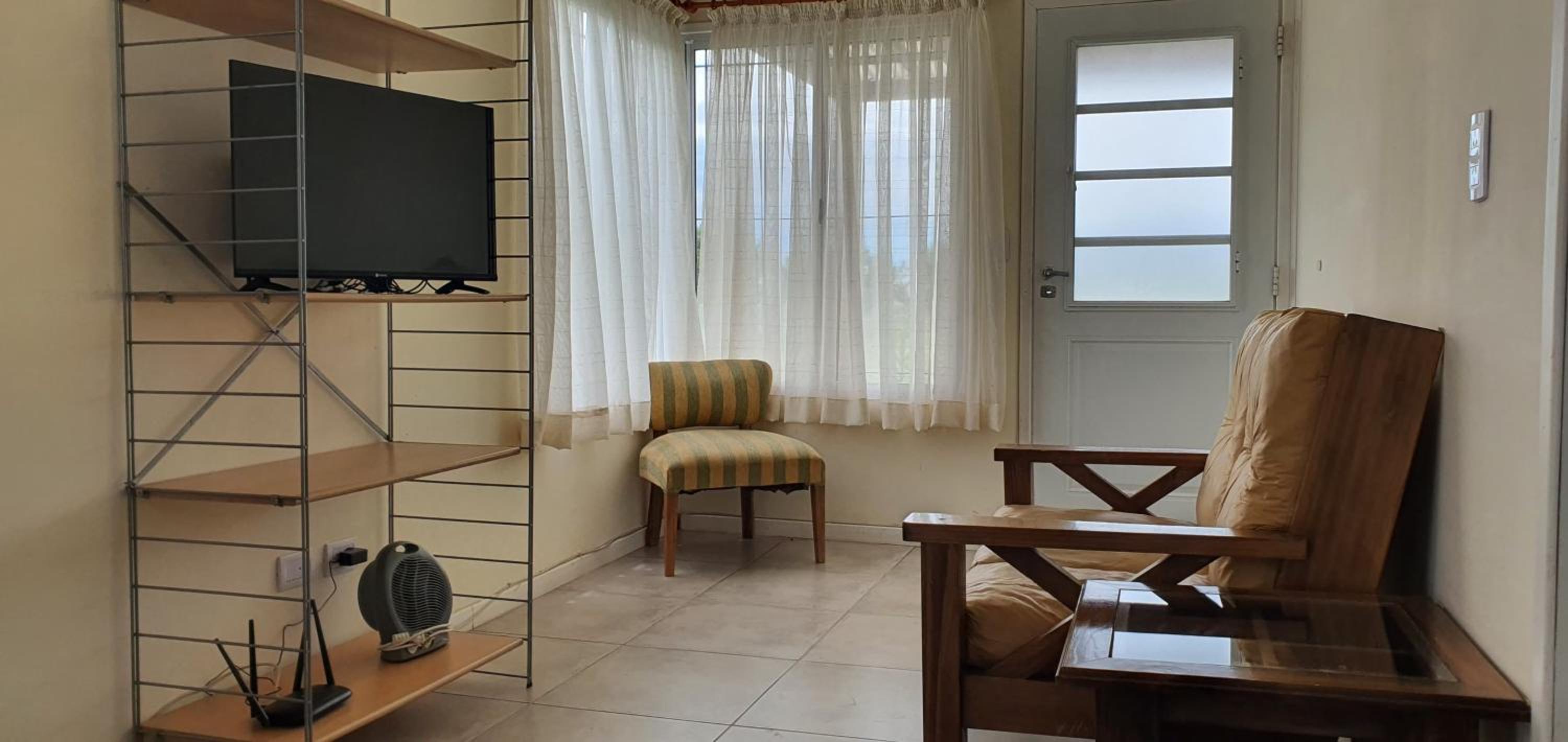 Casa con PILETA, PARRILLA y cochera cubierta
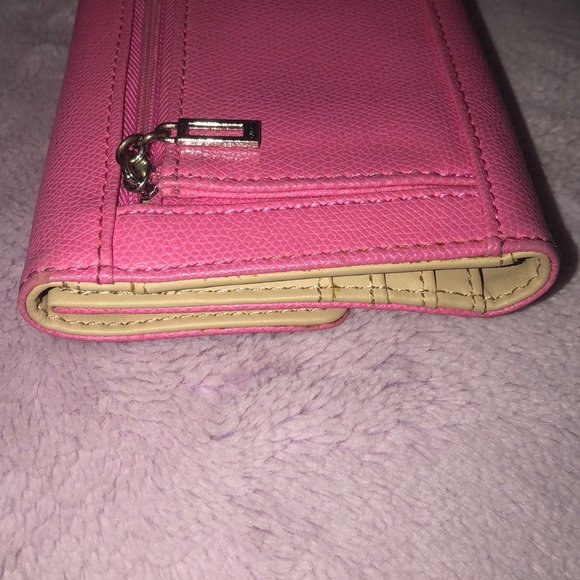 Guess Bags Guess Wallet Poshmark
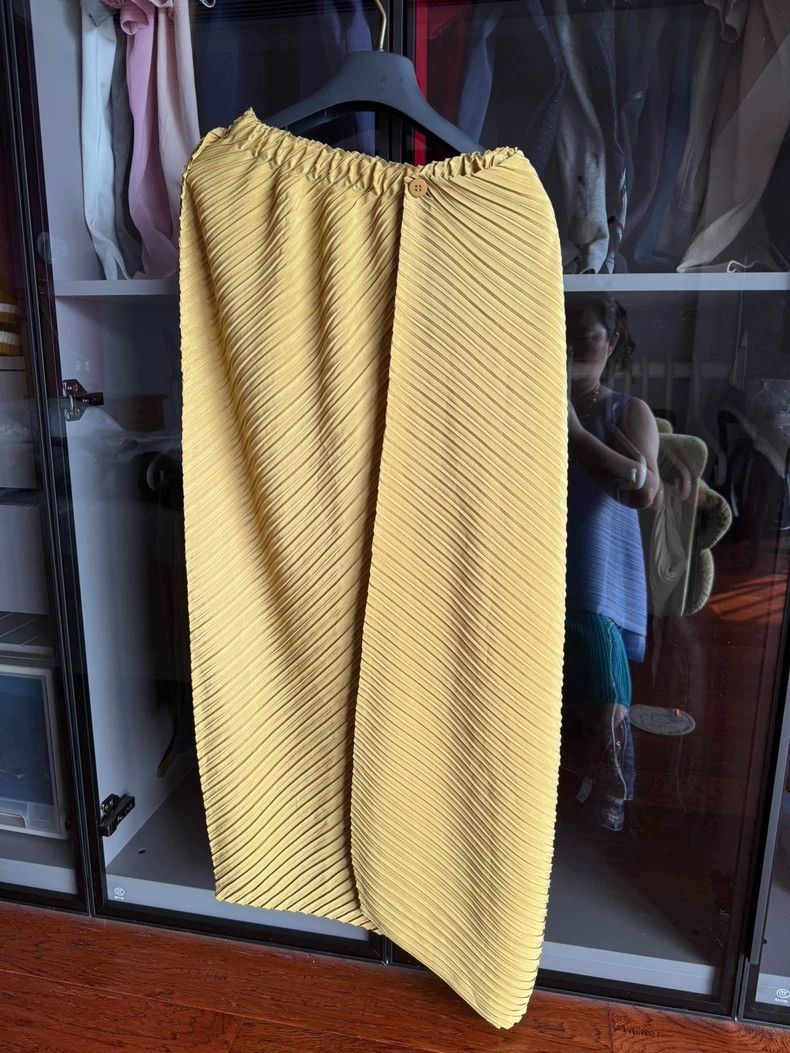 Issey Miyake Issey Miyake Pleated Mainline Skirt FG159 - dmc Size US 30 / EU 46 - 2 Thumbnail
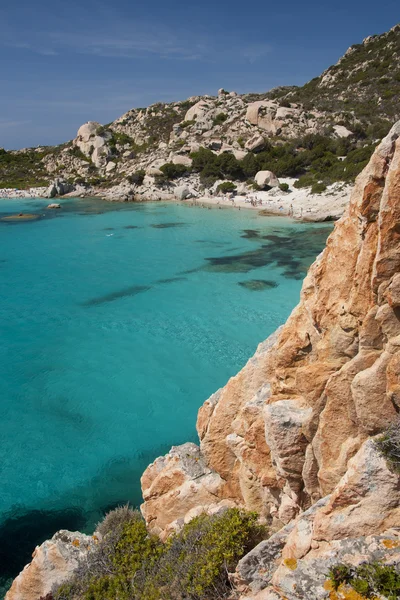 Cala Corsara, maravillosa agua de mar en Spargi — Foto de Stock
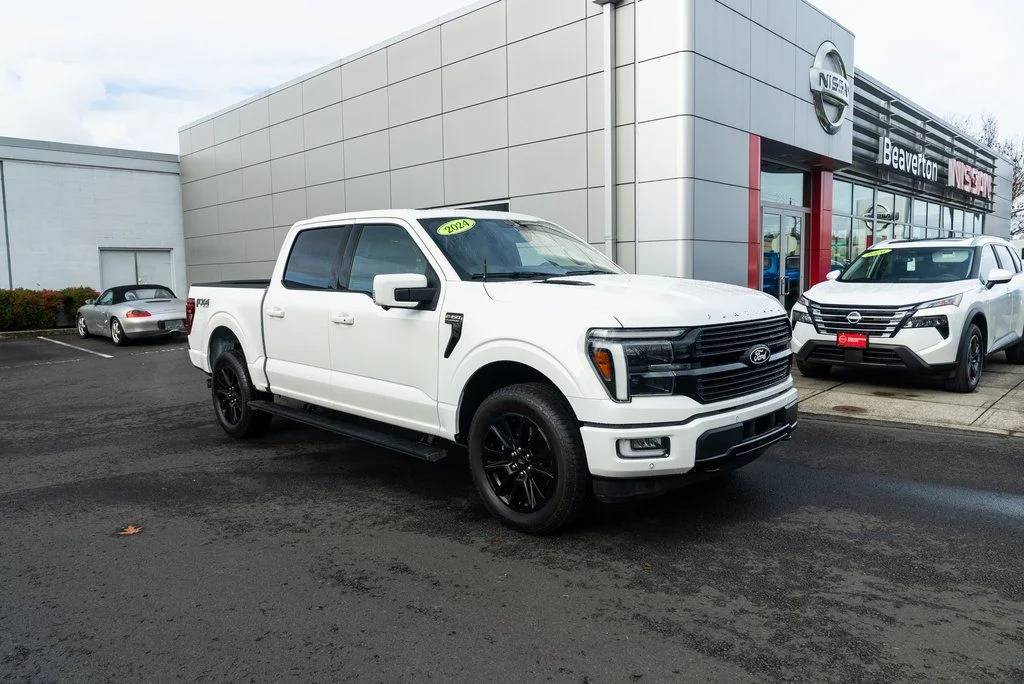 Used 2024 White Ford Platinum image 30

----------------------------------------

An exact copy of the lines from the one with "Cala Corsara, maravillosa" through the end of the entries above, both included, is the whole answer. It contains no pictures.

 Cala Corsara, maravillosa agua de mar en Spargi — Foto de Stock
 Used 2024 White Ford Platinum image 30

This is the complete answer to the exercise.